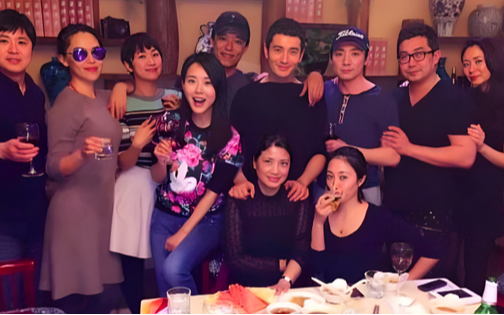 Đi họp lớp tranh thanh toán hóa đơn 211 triệu: Về đến nhà, cô gái đơ người vì 1 cảnh tượng, thề không có lần sau Đi họp lớp tranh thanh toán hóa đơn 211 triệu: Về đến nhà, cô gái đơ người vì 1 cảnh tượng, thề không có lần sau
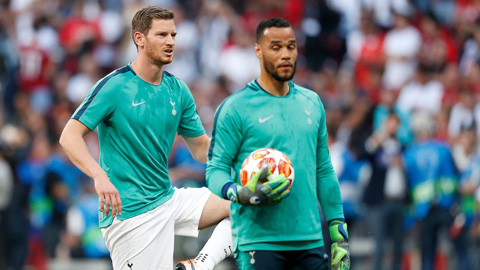 Tottenham ký hợp đồng ngắn hạn với 2 lão tướng ở hàng thủ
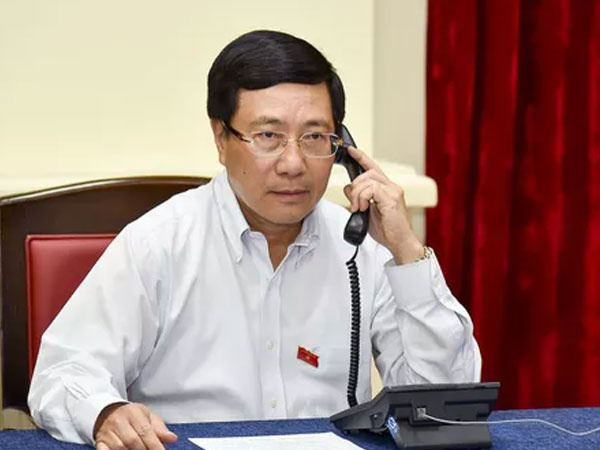 Phó Thủ tướng điện đàm với Ngoại trưởng Singapore về phát biểu của ông Lý Hiển Long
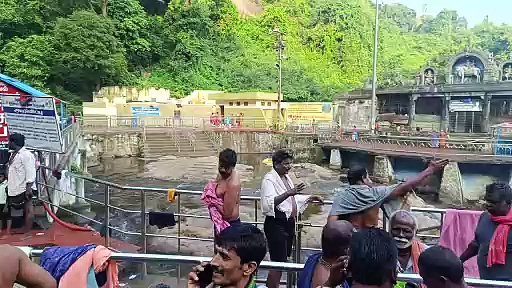 குற்றால அருவியில் நீர் வரத்து சீரானதை தொடர்ந்து சுற்றுலா பயணிகளுக்கு அனுமதி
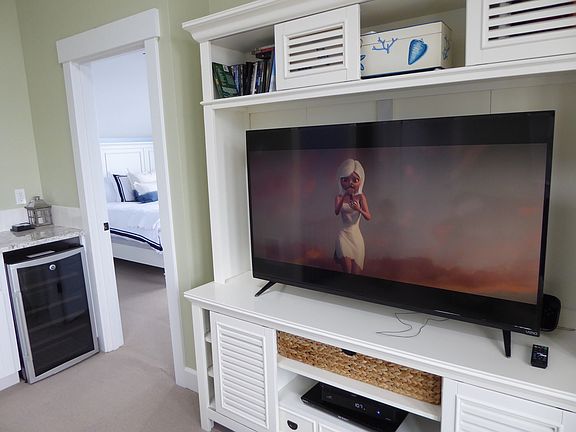 5th image of 2461 SW Anemone Ave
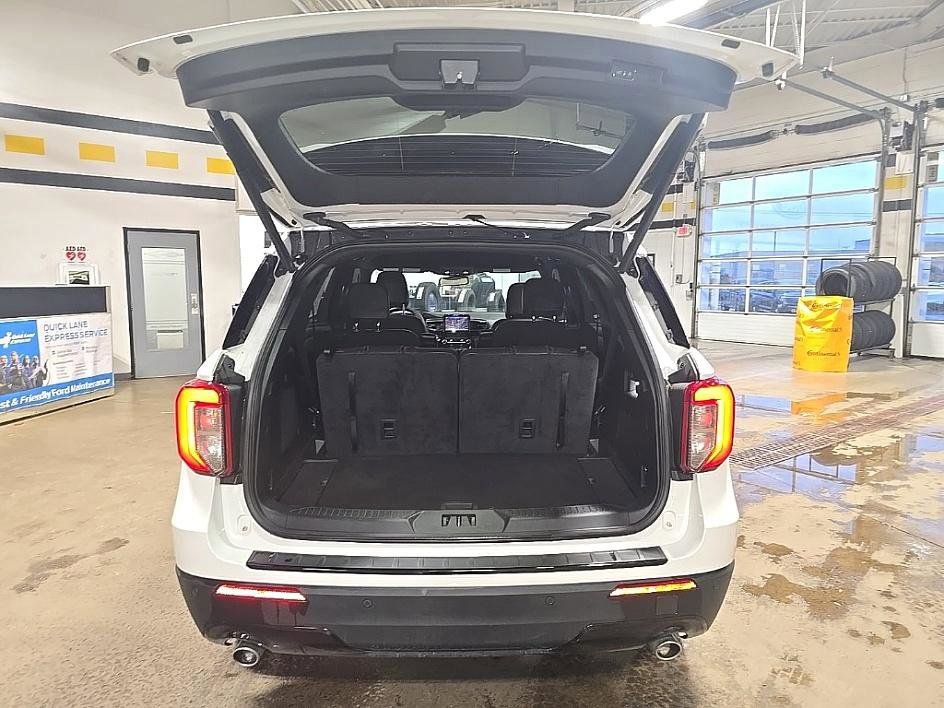 Used 2023 Ford Explorer ST-Line image 27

------------------------------------

PROBLEM: The lines to restate word for word run from the line that contains "Phó Thủ tướng" through the end of the entries above, both ends included. Leave out all pictures and write nothing else.

WRITTEN RESPONSE:
 Phó Thủ tướng điện đàm với Ngoại trưởng Singapore về phát biểu của ông Lý Hiển Long
 குற்றால அருவியில் நீர் வரத்து சீரானதை தொடர்ந்து சுற்றுலா பயணிகளுக்கு அனுமதி
 5th image of 2461 SW Anemone Ave
 Used 2023 Ford Explorer ST-Line image 27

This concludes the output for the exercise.